[Prev][Next][Index][Thread]

Re: (meteorobs) meteor duration estimates



In a message dated 96-10-30 02:57:54 EST, Norman write:

>
>Meteor durations can only be judged by how they appeared.  This is the sense
>of short intervals that you only develop through practice.  I trained by
>visualizing meteors while watching a second hand on a watch.  Jim's
>technique sounds good, too.  George, Jim didn't mean using the stopwatch in
>actual timings, just developing his sense of timing.<<<

Norm, it seems that you judge a meteors duration the same way I judge a
meteors apparent speed...ie, the experienced sense of what it looks like...or
how fast it appeared to move. If I saw a meteor appear as a  fast moving
streak, I would identify it as a Very Fast meteor.  If you saw the same
meteor you would probably identify it from the same appearance that it lasted
about .1 to about .2 second. You already know that most meteors are  going to
travel about under 5 degrees. You now have established in your mind that a
Very fast looking meteor will have to have certain tenths of a second to make
sense and naturally bias yourself to come up with these values so that they
would make sense.
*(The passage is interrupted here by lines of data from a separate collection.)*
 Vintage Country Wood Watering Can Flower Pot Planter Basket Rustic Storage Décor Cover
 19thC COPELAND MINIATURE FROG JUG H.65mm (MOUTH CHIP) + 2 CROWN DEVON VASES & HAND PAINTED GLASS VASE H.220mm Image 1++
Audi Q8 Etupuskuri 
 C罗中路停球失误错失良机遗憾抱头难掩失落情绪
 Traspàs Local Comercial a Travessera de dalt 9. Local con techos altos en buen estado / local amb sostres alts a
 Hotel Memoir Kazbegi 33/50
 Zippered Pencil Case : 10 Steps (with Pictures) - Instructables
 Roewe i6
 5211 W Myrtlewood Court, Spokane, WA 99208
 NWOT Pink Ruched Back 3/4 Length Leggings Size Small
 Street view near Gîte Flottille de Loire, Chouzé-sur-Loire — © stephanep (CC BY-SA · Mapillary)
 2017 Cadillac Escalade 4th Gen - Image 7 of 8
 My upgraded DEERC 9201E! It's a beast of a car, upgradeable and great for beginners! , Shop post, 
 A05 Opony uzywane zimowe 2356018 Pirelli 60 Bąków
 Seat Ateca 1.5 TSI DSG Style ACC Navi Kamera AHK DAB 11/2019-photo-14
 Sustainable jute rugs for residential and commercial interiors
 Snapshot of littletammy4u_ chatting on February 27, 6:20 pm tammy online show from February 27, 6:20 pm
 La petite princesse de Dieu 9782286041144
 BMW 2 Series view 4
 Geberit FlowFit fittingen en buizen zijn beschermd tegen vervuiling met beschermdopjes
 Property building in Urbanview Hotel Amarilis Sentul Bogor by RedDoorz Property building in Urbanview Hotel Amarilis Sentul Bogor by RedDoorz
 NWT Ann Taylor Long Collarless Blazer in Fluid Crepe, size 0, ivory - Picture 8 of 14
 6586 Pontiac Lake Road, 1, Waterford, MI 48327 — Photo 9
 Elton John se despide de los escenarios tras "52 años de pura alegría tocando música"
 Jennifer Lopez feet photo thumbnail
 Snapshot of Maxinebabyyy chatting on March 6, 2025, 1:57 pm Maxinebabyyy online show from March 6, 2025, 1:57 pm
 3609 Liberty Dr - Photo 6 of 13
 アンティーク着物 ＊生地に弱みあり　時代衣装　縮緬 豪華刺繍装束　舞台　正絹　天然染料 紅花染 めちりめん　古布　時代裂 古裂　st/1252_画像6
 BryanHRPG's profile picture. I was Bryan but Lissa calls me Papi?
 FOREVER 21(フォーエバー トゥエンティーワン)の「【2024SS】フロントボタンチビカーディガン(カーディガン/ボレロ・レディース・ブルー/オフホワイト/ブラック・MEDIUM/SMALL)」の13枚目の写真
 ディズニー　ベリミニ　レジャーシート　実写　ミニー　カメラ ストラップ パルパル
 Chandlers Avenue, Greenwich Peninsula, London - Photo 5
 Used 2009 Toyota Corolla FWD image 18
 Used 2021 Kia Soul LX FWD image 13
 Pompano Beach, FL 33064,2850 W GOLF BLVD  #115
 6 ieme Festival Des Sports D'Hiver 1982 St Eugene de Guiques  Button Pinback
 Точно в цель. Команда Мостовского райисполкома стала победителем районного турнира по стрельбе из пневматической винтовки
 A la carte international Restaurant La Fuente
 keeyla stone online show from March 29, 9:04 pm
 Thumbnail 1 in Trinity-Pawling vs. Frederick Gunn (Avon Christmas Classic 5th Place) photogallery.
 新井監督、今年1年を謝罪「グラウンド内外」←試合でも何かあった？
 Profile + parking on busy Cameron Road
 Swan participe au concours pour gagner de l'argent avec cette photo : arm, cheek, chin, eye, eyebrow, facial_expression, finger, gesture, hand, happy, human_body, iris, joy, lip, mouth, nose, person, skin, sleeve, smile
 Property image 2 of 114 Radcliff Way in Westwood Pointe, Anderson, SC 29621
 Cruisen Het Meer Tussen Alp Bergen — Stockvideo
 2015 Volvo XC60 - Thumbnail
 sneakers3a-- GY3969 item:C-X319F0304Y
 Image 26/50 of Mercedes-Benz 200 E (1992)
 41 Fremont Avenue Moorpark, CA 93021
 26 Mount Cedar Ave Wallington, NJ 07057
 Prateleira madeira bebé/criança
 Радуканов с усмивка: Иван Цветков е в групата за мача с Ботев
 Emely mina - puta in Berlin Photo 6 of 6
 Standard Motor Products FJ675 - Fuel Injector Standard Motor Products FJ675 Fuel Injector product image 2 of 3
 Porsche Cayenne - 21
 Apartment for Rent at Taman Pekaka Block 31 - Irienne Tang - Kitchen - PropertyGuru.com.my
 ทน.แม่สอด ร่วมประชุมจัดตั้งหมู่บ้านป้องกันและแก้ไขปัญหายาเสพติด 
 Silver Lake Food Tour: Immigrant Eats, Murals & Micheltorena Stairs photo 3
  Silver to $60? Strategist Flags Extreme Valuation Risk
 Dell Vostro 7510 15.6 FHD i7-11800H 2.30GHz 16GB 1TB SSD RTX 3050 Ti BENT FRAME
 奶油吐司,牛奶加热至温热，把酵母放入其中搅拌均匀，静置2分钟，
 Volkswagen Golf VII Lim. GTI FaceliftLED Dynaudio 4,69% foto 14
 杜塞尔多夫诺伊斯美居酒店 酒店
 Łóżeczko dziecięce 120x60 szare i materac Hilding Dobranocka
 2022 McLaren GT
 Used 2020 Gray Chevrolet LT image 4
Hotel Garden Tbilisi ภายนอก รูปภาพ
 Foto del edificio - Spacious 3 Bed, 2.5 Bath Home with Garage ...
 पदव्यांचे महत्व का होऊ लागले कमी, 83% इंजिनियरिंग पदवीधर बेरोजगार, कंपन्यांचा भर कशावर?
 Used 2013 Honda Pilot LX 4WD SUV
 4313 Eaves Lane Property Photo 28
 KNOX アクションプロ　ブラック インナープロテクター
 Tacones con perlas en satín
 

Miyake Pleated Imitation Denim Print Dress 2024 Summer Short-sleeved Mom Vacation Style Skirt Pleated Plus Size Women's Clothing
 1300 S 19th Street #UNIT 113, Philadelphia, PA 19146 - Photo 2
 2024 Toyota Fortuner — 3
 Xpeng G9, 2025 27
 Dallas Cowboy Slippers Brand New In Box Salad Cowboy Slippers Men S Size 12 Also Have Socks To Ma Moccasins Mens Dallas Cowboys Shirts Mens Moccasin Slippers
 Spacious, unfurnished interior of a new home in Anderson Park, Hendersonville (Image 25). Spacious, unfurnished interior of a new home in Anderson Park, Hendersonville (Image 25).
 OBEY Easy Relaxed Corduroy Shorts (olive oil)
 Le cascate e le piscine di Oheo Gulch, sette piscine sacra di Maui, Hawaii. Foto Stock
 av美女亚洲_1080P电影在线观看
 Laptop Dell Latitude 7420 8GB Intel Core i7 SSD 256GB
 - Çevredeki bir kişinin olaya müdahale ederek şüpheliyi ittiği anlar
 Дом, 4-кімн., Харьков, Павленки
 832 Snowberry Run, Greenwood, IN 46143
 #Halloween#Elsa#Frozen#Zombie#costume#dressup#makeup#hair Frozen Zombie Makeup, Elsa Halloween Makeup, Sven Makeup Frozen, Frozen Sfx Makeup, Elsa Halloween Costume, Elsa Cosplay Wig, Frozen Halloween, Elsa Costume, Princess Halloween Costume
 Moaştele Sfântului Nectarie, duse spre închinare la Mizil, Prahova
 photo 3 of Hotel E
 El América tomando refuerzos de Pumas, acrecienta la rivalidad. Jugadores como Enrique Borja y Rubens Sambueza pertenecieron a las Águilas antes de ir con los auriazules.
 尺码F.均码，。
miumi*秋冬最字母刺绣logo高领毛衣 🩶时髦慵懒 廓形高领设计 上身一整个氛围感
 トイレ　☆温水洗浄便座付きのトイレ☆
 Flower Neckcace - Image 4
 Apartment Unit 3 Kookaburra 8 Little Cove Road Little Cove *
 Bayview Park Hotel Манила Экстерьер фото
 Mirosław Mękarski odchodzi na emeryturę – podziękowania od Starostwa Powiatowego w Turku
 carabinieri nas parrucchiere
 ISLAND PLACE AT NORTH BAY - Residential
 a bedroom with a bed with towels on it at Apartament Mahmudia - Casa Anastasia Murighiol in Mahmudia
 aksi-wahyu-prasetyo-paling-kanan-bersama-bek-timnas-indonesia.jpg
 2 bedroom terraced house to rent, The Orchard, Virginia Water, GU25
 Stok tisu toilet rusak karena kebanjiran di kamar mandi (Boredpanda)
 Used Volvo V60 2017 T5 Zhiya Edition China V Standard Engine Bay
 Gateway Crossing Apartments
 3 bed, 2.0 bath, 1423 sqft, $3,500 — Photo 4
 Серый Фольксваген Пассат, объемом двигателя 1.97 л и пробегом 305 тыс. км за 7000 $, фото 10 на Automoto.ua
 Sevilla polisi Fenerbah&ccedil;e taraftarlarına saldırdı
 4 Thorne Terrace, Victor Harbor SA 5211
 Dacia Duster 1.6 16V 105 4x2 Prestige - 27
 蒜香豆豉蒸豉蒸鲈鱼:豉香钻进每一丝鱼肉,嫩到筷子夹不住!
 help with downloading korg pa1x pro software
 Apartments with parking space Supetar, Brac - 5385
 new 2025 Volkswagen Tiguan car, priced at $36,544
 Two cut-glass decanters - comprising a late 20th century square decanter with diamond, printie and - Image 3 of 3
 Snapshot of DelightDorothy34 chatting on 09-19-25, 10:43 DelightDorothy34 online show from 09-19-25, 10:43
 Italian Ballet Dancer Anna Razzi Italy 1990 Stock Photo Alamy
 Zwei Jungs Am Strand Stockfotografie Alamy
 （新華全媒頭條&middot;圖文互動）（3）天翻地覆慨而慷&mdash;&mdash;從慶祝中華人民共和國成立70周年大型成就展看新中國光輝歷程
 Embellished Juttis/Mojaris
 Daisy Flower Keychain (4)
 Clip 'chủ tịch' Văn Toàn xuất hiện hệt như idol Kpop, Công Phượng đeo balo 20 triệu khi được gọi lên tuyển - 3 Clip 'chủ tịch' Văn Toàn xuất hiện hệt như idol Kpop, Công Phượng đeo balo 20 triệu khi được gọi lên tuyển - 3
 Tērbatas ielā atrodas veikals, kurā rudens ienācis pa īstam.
The bottom line is that you are using a speed scale based
on how the meteor appeared to look by it's apparent  movement.  
>
>It took me three years to get the durations stabilized.  My first efforts
>gave Perseid meteors all 1 to 2 seconds, obviously grossly overestimated.
>(Ever notice how the public gives fireball timings a factor of 3 to 10 times
>too large?)  As time passed my timings gradually decreased.
>
>The most numerous timing for me is 0.3s, with a fair number more at 0.2s.  I
>have very few as fast as 0.1s, and it's impossible for these to go more than
>a few degrees.<<<

Like I said, you have prior knowledge as to what's expected and adapted.
 Wouldn't it be much simpler to use a speed scale scheme and avoid all the
other convoluted processes in between? The results in the end are the same,
but the 5 speed scale scheme with the numeric 3 scale groupings is a lot
easier to use. 

George Z.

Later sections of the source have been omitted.